__EXERCISE GOAL__
Look below for the line containing "Tiffany Leather and"; from there, print each line exactly up to and including the line containing "Report: Perplexity Creating", and stop.

__SUPPLIED DATA__
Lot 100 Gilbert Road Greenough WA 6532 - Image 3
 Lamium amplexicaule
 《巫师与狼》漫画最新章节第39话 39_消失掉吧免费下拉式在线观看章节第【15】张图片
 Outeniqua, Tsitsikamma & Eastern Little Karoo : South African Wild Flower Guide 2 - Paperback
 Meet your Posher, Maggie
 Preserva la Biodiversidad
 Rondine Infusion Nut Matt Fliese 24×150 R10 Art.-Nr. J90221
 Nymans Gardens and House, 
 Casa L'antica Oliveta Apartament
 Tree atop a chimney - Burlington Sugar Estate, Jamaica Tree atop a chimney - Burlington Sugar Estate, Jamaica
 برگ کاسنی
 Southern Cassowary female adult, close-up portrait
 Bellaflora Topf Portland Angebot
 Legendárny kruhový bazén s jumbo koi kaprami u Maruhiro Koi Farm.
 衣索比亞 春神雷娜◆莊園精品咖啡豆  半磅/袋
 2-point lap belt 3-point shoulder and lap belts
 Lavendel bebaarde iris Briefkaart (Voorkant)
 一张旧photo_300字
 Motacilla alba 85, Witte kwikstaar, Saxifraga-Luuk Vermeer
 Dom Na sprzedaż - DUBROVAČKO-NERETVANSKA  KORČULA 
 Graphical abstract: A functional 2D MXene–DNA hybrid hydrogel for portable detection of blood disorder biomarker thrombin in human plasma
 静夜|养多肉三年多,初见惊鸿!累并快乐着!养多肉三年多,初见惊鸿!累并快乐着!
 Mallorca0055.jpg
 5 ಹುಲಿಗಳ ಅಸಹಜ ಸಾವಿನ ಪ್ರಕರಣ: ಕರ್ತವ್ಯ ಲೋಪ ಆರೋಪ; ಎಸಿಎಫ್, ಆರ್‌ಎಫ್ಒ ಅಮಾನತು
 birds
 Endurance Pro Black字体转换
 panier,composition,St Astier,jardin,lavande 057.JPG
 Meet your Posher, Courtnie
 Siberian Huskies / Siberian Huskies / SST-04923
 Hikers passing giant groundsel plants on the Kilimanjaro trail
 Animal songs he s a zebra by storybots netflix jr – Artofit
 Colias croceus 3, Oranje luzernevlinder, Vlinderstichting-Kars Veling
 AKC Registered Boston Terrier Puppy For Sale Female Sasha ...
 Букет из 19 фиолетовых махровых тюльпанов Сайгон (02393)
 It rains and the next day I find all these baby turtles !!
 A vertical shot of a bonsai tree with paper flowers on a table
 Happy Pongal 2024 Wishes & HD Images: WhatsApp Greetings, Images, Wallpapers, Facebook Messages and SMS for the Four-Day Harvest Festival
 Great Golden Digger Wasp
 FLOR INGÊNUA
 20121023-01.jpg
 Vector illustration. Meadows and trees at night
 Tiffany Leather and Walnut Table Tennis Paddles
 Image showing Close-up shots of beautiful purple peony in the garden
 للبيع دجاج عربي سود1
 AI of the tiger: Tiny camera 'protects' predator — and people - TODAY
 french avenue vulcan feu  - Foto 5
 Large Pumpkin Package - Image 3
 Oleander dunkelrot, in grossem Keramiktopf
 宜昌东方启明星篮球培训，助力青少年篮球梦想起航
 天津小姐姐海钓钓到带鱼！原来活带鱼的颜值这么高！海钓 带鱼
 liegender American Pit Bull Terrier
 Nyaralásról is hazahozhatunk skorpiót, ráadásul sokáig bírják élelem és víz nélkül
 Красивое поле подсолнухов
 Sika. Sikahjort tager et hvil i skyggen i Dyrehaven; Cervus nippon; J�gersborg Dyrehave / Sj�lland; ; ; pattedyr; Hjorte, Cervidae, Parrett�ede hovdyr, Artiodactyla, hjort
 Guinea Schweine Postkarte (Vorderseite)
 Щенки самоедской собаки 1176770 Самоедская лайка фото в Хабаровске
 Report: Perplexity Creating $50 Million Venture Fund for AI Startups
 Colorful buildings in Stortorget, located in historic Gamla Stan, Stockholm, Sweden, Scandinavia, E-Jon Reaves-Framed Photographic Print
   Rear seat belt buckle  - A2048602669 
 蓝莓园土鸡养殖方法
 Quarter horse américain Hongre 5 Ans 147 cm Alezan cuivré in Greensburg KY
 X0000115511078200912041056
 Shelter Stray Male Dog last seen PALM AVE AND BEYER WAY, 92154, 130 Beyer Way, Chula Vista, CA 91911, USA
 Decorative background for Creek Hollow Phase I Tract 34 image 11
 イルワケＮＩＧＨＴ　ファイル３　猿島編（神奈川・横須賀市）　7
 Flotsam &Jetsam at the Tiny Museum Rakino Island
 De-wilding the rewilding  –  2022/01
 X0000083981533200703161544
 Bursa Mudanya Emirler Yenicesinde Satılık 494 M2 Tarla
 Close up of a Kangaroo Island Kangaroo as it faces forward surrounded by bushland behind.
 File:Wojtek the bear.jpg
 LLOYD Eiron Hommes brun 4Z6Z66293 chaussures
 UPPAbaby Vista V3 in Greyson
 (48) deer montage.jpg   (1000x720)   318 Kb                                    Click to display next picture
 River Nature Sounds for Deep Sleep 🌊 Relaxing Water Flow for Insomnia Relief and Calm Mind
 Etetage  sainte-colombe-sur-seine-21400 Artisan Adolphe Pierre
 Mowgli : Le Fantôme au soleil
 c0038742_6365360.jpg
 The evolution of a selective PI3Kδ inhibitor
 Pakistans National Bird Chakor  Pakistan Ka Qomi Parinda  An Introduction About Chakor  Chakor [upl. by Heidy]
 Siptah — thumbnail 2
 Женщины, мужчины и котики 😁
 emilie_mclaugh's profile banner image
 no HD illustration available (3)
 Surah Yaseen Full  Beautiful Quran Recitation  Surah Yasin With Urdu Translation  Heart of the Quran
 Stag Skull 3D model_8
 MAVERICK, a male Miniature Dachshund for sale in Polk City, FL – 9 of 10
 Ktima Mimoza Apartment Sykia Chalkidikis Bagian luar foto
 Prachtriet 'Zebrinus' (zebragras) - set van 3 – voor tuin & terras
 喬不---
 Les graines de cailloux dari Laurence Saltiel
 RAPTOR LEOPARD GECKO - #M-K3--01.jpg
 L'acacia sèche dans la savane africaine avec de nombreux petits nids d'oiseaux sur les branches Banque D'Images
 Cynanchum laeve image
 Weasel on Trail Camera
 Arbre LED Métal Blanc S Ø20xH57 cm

__EXERCISE SOLUTION__
 Tiffany Leather and Walnut Table Tennis Paddles
 Image showing Close-up shots of beautiful purple peony in the garden
 للبيع دجاج عربي سود1
 AI of the tiger: Tiny camera 'protects' predator — and people - TODAY
 french avenue vulcan feu  - Foto 5
 Large Pumpkin Package - Image 3
 Oleander dunkelrot, in grossem Keramiktopf
 宜昌东方启明星篮球培训，助力青少年篮球梦想起航
 天津小姐姐海钓钓到带鱼！原来活带鱼的颜值这么高！海钓 带鱼
 liegender American Pit Bull Terrier
 Nyaralásról is hazahozhatunk skorpiót, ráadásul sokáig bírják élelem és víz nélkül
 Красивое поле подсолнухов
 Sika. Sikahjort tager et hvil i skyggen i Dyrehaven; Cervus nippon; J�gersborg Dyrehave / Sj�lland; ; ; pattedyr; Hjorte, Cervidae, Parrett�ede hovdyr, Artiodactyla, hjort
 Guinea Schweine Postkarte (Vorderseite)
 Щенки самоедской собаки 1176770 Самоедская лайка фото в Хабаровске
 Report: Perplexity Creating $50 Million Venture Fund for AI Startups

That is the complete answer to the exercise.